If You Lose A Tooth, Soak It In Milk!
What do you do if you are unfortunate enough to have a tooth knocked out? Trauma of this kind is on the increase, according to specialist dentists Plowman & Partners, in part due to the increase in contact sports like boxing, rugby and kick boxing.
Not to mention the risk of copping a bouncer or a rearing delivery in the mouth while batting, always an unpleasant experience, and all the more so if you get caught in the teeth.
Swimming pools are another problem area, with people diving in and cracking their teeth on the side. Also, biting on hard food and cycling accidents, which account for many lost or damaged teeth, as helmets protect the head but do not prevent the wearer cracking their chin and sheering off the cusps of their teeth.
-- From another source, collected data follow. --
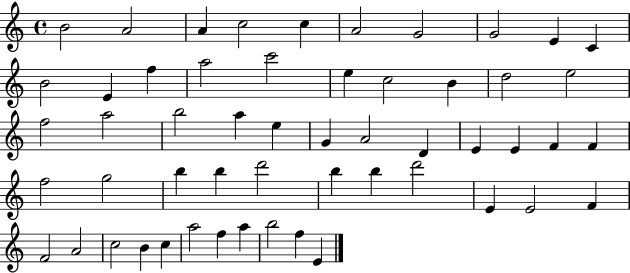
{
  \clef treble
  \time 4/4
  \defaultTimeSignature
  \key c \major
  b'2 a'2 | a'4 c''2 c''4 | a'2 g'2 | g'2 e'4 c'4 | \break b'2 e'4 f''4 | a''2 c'''2 | e''4 c''2 b'4 | d''2 e''2 | \break f''2 a''2 | b''2 a''4 e''4 | g'4 a'2 d'4 | e'4 e'4 f'4 f'4 | \break f''2 g''2 | b''4 b''4 d'''2 | b''4 b''4 d'''2 | e'4 e'2 f'4 | \break f'2 a'2 | c''2 b'4 c''4 | a''2 f''4 a''4 | b''2 f''4 e'4 | \break \bar "|."
} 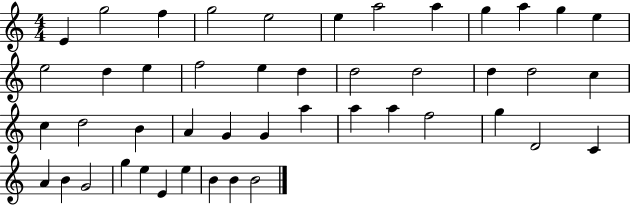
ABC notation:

X:1
T:Untitled
M:4/4
L:1/4
K:C
E g2 f g2 e2 e a2 a g a g e e2 d e f2 e d d2 d2 d d2 c c d2 B A G G a a a f2 g D2 C A B G2 g e E e B B B2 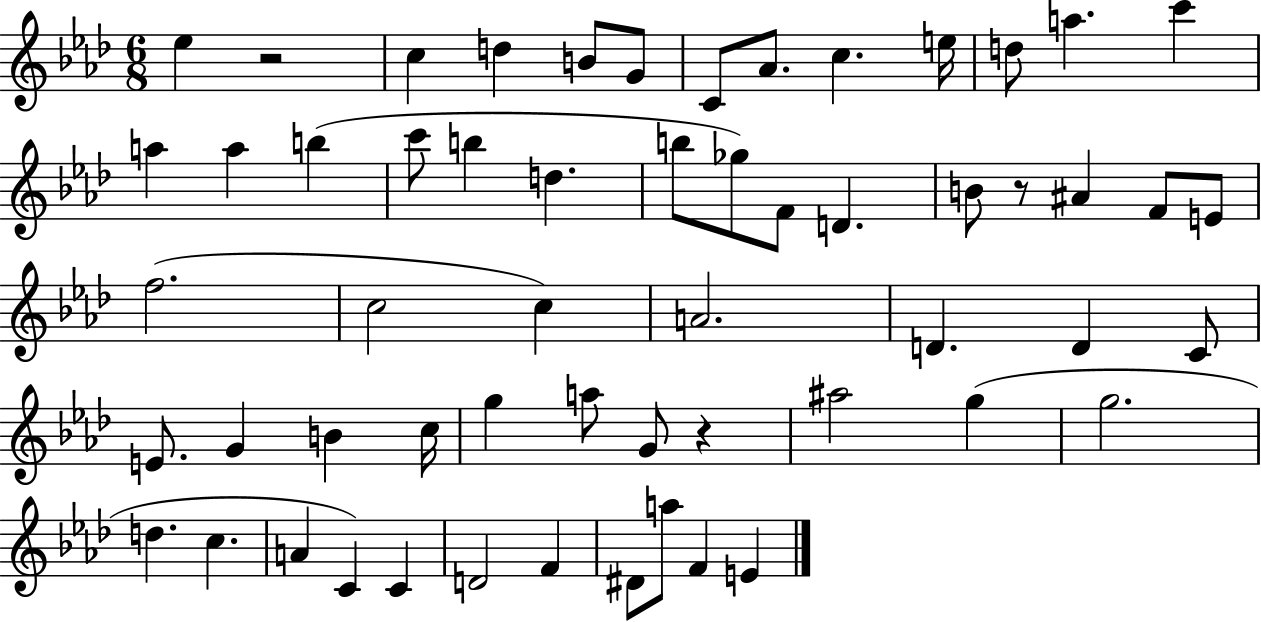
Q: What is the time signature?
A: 6/8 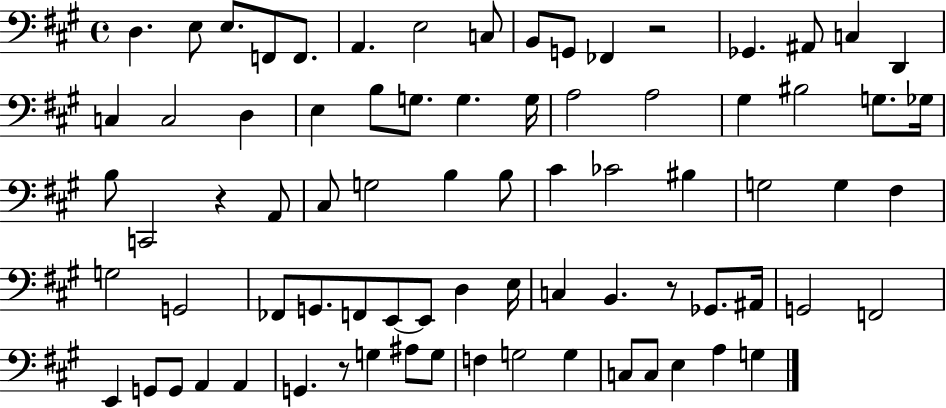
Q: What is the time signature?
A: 4/4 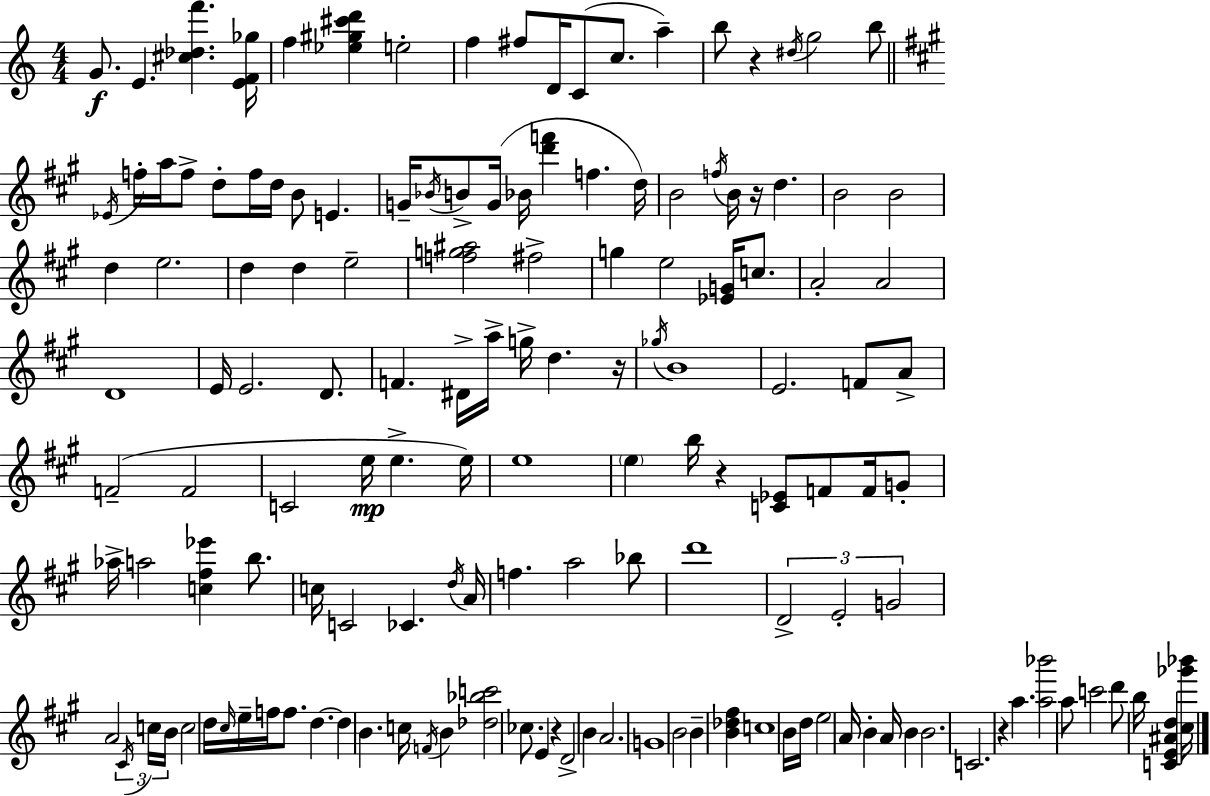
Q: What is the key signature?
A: C major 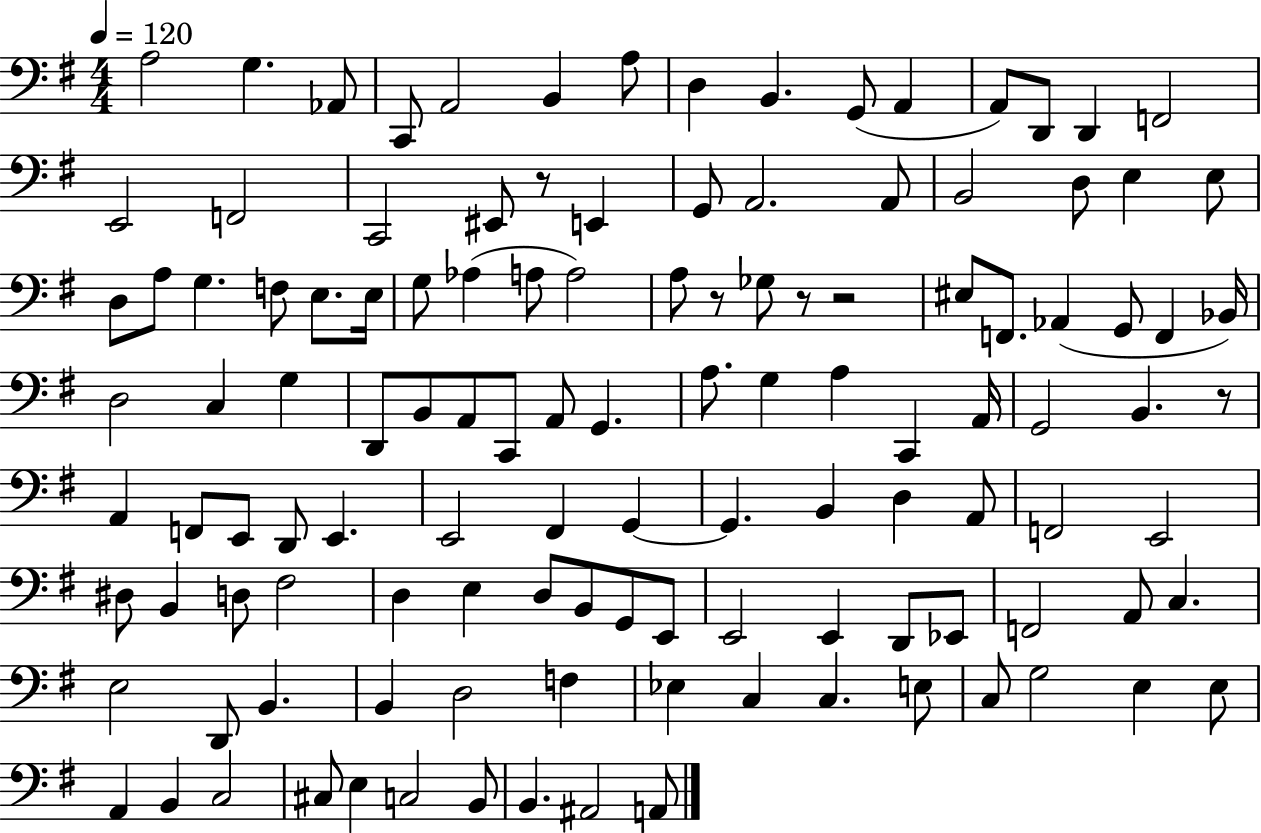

“We do a lot of dental re-constructive work,” says Guy Robertson, specialist in Restorative Dentistry at Plowman & Partners, in Cavendish Square, London. “We also work with orthodontists. Some cases, especially car crash victims, require treatment that can take more than 18 months.”
- If a tooth is knocked out don’t scrub it as this will remove the ligaments
- Take it as it is, wrap it in cling film or put it in milk if possible, to keep the tooth moist
- Don’t use water as it destroys cells on the roots needed for this to re-attach
- The quicker you get to a dentist or hospital the better
- If it is wrapped you have about an hour
- If the tooth is put back without vital ligaments the bone cells will treat it like bone and the patient is more likely lose the tooth.